[Brief descriptive captions]

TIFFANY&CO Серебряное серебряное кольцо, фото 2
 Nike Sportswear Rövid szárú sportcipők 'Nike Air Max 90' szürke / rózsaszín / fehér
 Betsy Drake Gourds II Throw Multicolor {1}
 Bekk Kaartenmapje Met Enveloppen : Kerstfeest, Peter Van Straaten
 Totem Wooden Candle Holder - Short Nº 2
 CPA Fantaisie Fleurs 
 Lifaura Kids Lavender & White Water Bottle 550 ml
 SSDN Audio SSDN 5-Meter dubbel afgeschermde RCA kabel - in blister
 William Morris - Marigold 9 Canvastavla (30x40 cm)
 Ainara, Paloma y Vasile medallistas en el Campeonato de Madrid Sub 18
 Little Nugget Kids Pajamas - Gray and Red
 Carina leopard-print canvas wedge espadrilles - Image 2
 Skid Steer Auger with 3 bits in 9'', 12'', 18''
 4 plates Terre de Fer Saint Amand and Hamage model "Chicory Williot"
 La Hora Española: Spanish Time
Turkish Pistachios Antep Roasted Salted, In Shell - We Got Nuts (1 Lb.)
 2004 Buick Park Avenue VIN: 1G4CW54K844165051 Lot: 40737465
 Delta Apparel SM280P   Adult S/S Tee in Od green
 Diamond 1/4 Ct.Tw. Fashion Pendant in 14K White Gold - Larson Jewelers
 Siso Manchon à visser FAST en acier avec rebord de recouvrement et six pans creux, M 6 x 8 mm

• TASK BRIEF: The records above should be printed exactly, please, from the first line through the line containing "Bekk Kaartenmapje Met", with both ends kept and nothing past it.

• EXERCISE ANSWER:
TIFFANY&CO Серебряное серебряное кольцо, фото 2
 Nike Sportswear Rövid szárú sportcipők 'Nike Air Max 90' szürke / rózsaszín / fehér
 Betsy Drake Gourds II Throw Multicolor {1}
 Bekk Kaartenmapje Met Enveloppen : Kerstfeest, Peter Van Straaten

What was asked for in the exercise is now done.